**Try it**
Only the text of the records belongs in the answer; the pictures must be dropped.

##### Given information #####

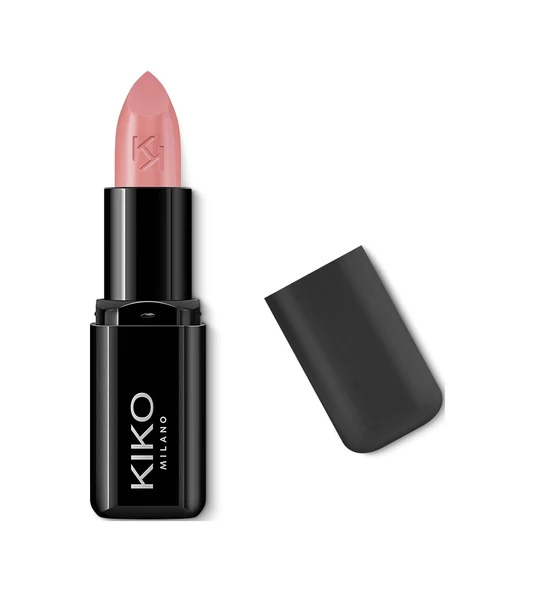 KİKO RUJ - SMART FUSİON LİPSTİCK - 403 SOFT ROSE NO COLOR ürün görseli 1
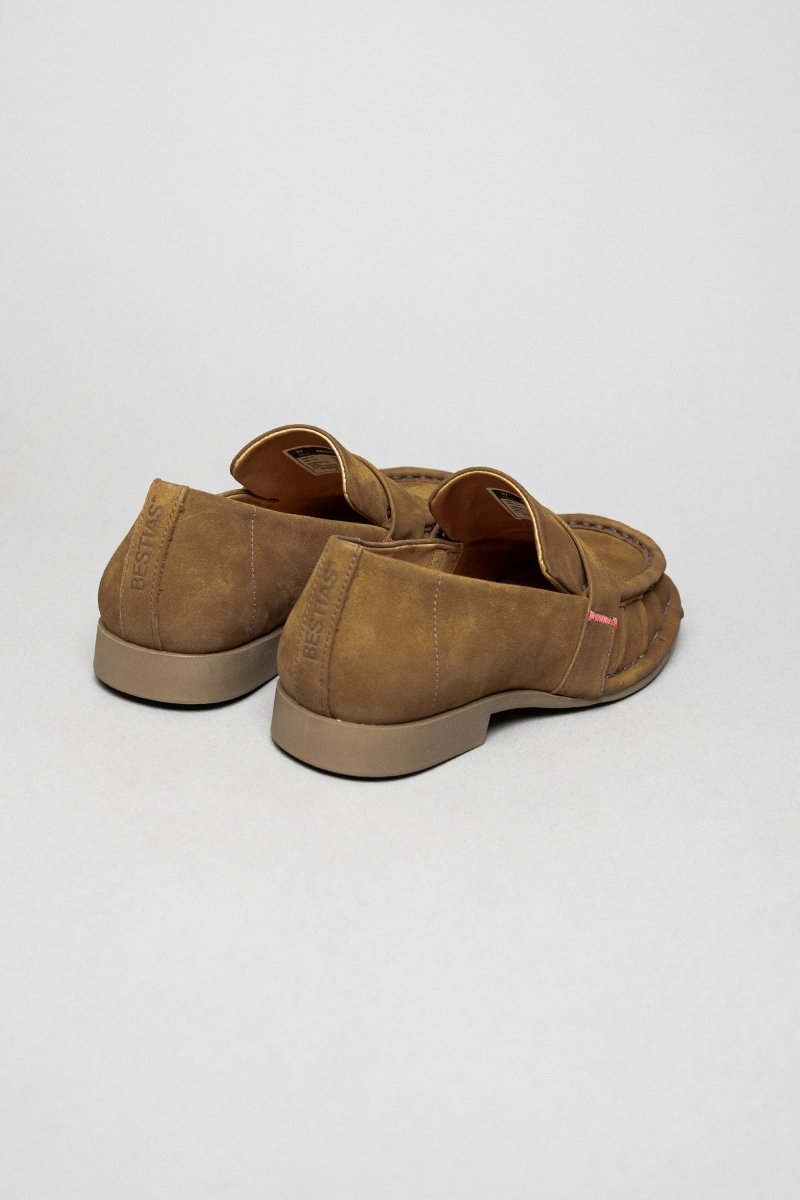 Shoes - Paca | Napa Capuccino - BESTIAS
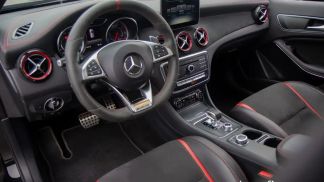 Leasing SUV MERCEDES GLA 45 AMG 2017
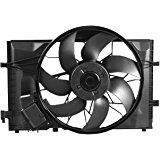 audi car radiator fans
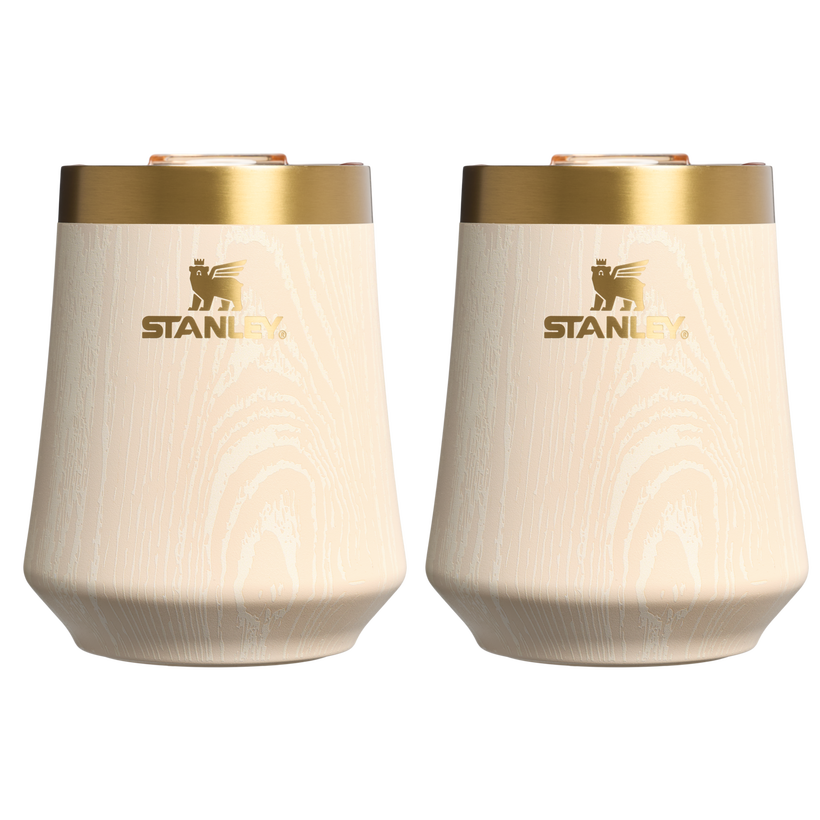 The Cheers & Cheer Reserve Wine Tumbler | 2-pack - Evening Sip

#####

**Solved problem**
 KİKO RUJ - SMART FUSİON LİPSTİCK - 403 SOFT ROSE NO COLOR ürün görseli 1
 Shoes - Paca | Napa Capuccino - BESTIAS
 Leasing SUV MERCEDES GLA 45 AMG 2017
 audi car radiator fans
 The Cheers & Cheer Reserve Wine Tumbler | 2-pack - Evening Sip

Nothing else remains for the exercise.